En dépit de ses qualités, la BMW 507 n’eut qu’une courte vie en raison de son prix élevé (25.000 DM de l’époque). Max Hoffmann, qui avait espéré en vendre 2.000 exemplaires, vit avec regret les Corvette et les Thunderbird conquérir le marché américain. En toute logique : elles coûtaient deux fois moins cher pour des performances comparables. Les Allemands étaient toutefois décidés à persister dans leur vision de la qualité, quitte à enregistrer des pertes sur chaque exemplaire – une position courageuse qui devra être abandonnée en raison de la situation financière de l’entreprise. La dernière 507 sortit des ateliers quatre ans après le lancement du modèle, lequel ne fut donc fabriqué qu’à 253 exemplaires – contre 412, pour la 503, sa ” petite soeur “.

Dommage pour cette voiture qui ne manquait pourtant pas de qualités. Le pilote automobile allemand Hans Stuck Senior l’utilisa pour quelques épreuves en montagne, battant sans difficulté des Ferrari, Jaguar et Mercedes 300 SLS. Et c’est à bord d’une BMW 507 que le prince Albert de Belgique alla accueillir sa jeune fiancée Paola à l’aéroport.
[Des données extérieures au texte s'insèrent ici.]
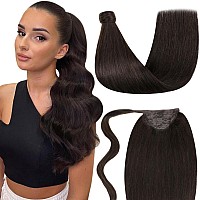 Laavoo Brown Ponytail Extension Human Hair Wrap Around Ponytail Extensions 2 Darkest Brown Ponytail Hair Extensions Real Human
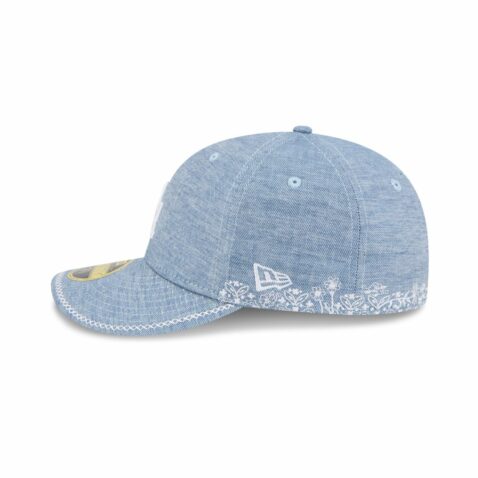 New Era 59Fifty Low Profile Los Angeles Dodgers Hand Stitched Chambray Fitted Hat Open Market Blue - Image 4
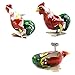 Kansoo 4 Pack Wind-Up Funny Dark & Green Clockwork Spring Wind Up Metal Jumping Frog,Rabbit, Mouse, Cock Toy Gift Kids Children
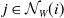 j element of script upper N Subscript upper W Baseline left parenthesis i right parenthesis
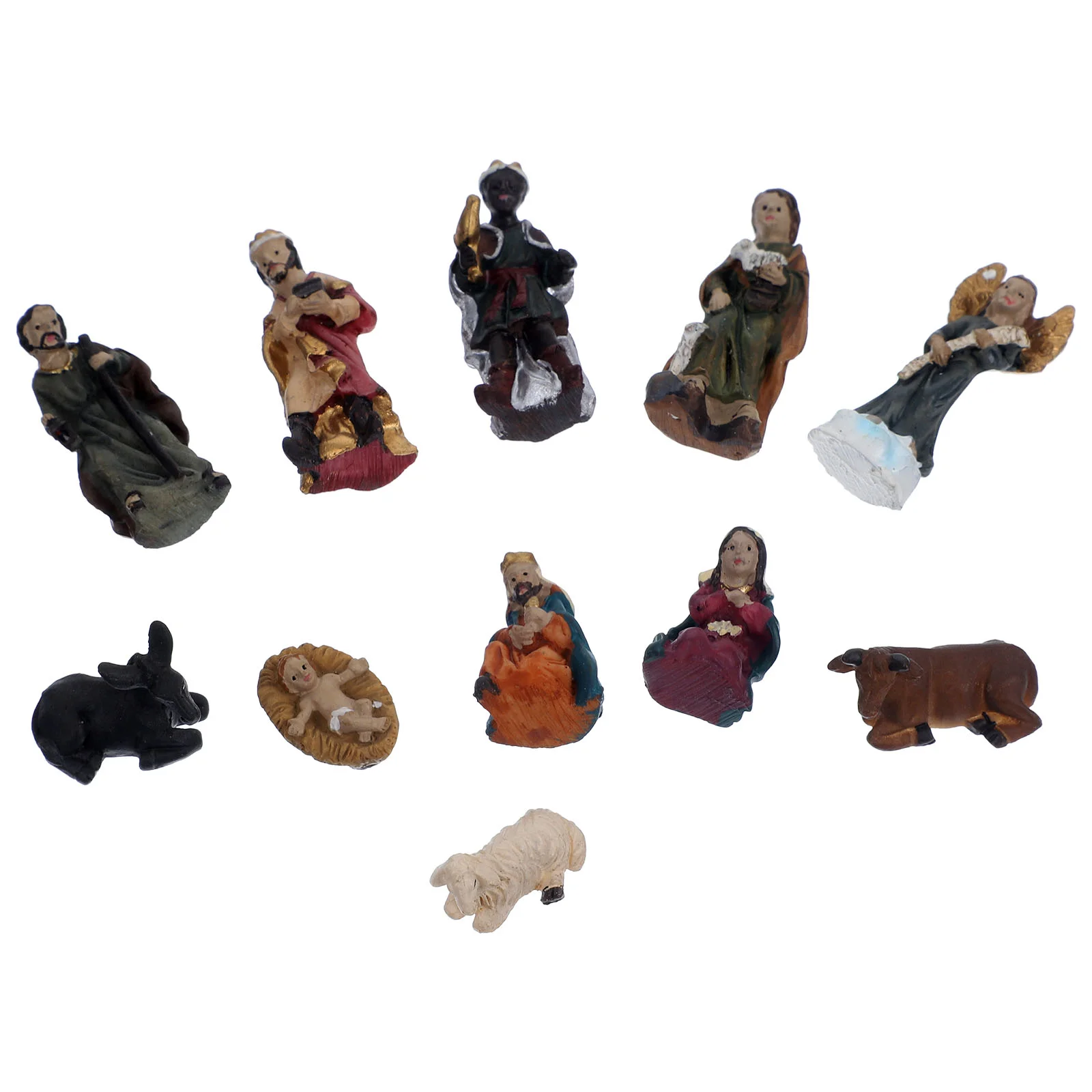 

Mini Jesus Birth Figurines Nativity Ornaments Sculptures Home Decor Resin Christian Gift Set For Christmas Crib Craft Decor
Sous le soleil toscan avec une belle voiture Allemande

Mais il s’agissait aussi d’une vraie sportive. Elle a séduit, dès le premier tour d’essai, le légendaire pilote britannique John Surtees qui, à l’époque, n’avait pas les moyens de se l’offrir… Lorsqu’il remporta, en 1956, le titre de champion du monde de moto dans la catégorie des 500cc au guidon d’une MV Agusta, et que le comte Agusta décida de lui faire une faveur – son compagnon d’équipe Ubbiali (champion en 125 cc) gagnant plus que lui -, il réclama d’emblée une BMW 507. John Surtees a, du reste, entretenu d’excellents rapports avec le constructeur allemand, qui l’aurait volontiers vu courir avec l’une de ses motos. Il prit possession de sa 507 en 1957 et lui apporta d’emblée quelques modifications afin de disposer de 170 ch au lieu des 150 ch de la version standard, mettant aussi cette intervention à profit pour réaliser quelques travaux de développement pour BMW. A ce jour, cet homme (81 ans depuis février dernier), qui fut le seul pilote à avoir été champion du monde tant de moto que de Formule 1, semble ne s’en être jamais séparé.